After eleven weeks of protests following the death of Mahsa Amini in Tehran, an Iranian official indicated the morality police had been suspended and that the government would consider relaxing its strict hijab law, but some say these sweeping statements are a strategy to quell uprisings; in response, protesters in Iran called for a three-day strike this week.
The morality police, a police unit that enforces dress code, was the target of country-wide protests since September, after 22-year-old Amini died in the unit’s custody for allegedly violating the dress rules—which have been imposed since the 1979 Islamic Revolution.
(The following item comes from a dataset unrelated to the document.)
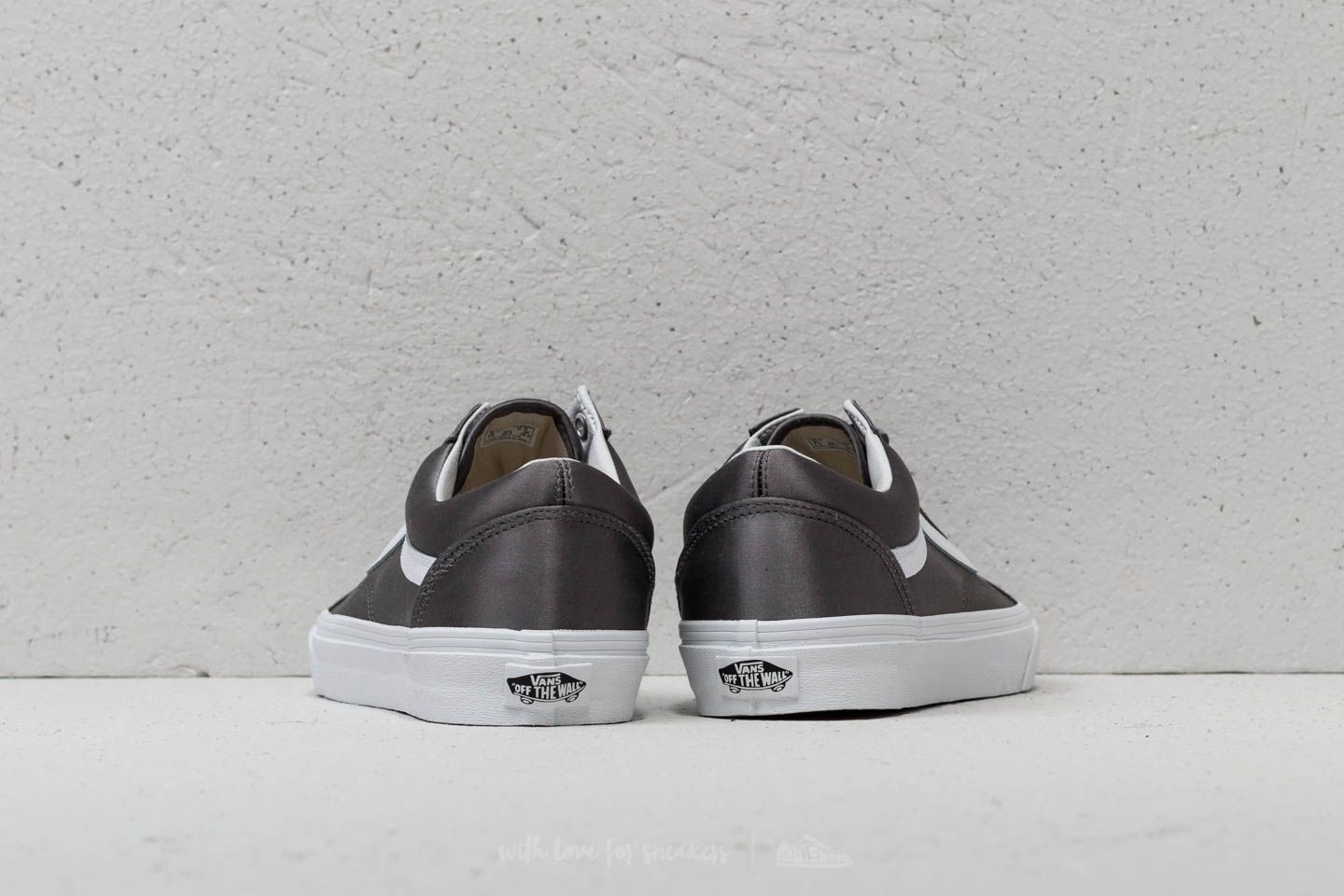 Vans old skool satin skate shoe sales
Attorney General Mohammad Javad Montazeri said the morality police “was abolished by the same authorities who installed it,” a statement that was reported by the semi-official Iranian Labour News Agency, according to Reuters. The Interior Ministry, which oversees the morality police, has not confirmed the suspension of the force. Montazeri, who acknowledged the judiciary does not have authority over the morality police, said his branch “continues to monitor behavioural actions at the community level.” On Saturday, Montazeri said that the law that requires women to wear hijabs would be reviewed. Top Iranian government officials have been opposed to changing hijab policies.
In a speech on Saturday, President Ebrahim Raisi said that while Iran’s Islamic system was enshrined in its constitution, he added, “There are methods of implementing the constitution that can be flexible.”
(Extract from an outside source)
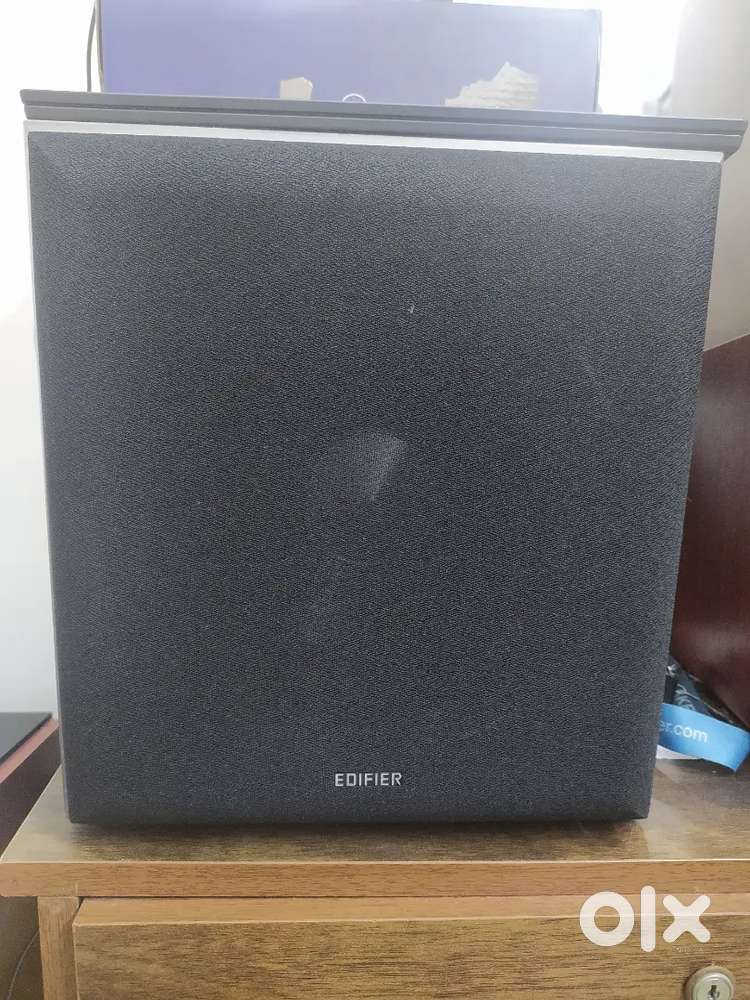Edifier 2.1 music system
Despite these statements, activists are skeptical that any change will arise, saying these promising words are just an attempt to curb protests. Some are even calling it “disinformation” to say that the morality police will be abolished.
On Sunday, activist Masih Alinejad tweeted: “It’s disinformation that Islamic Republic of Iran has abolished it’s morality police. It’s a tactic to stop the uprising. Protesters are not facing guns and bullets to abolish morality police or forced hijab.They want to end Islamic regime.”
“Morality police hasn’t been abolished in Iran. This is a lie to deceive protester and to divide them just before nationwide calls for protests in the next coming days,” journalist and TV show host Sima Sabet tweeted.
“Iran’s attorney general has made some ambiguous statements that could possibly be construed as an end to the morality police, but may also suggest that judiciary wants to disassociate itself from the institution. Statements cited in press do not equal a change in policy,” said Borzou Daragahi, an international correspondent for The Independent.
“There’s simply not enough evidence at this stage to indicate that the Iranian regime is either shutting down its notorious morality police or backing down on the issue of mandatory hijab based on some vague remarks by one official,” BBC journalist Shayan Sardarizadeh said.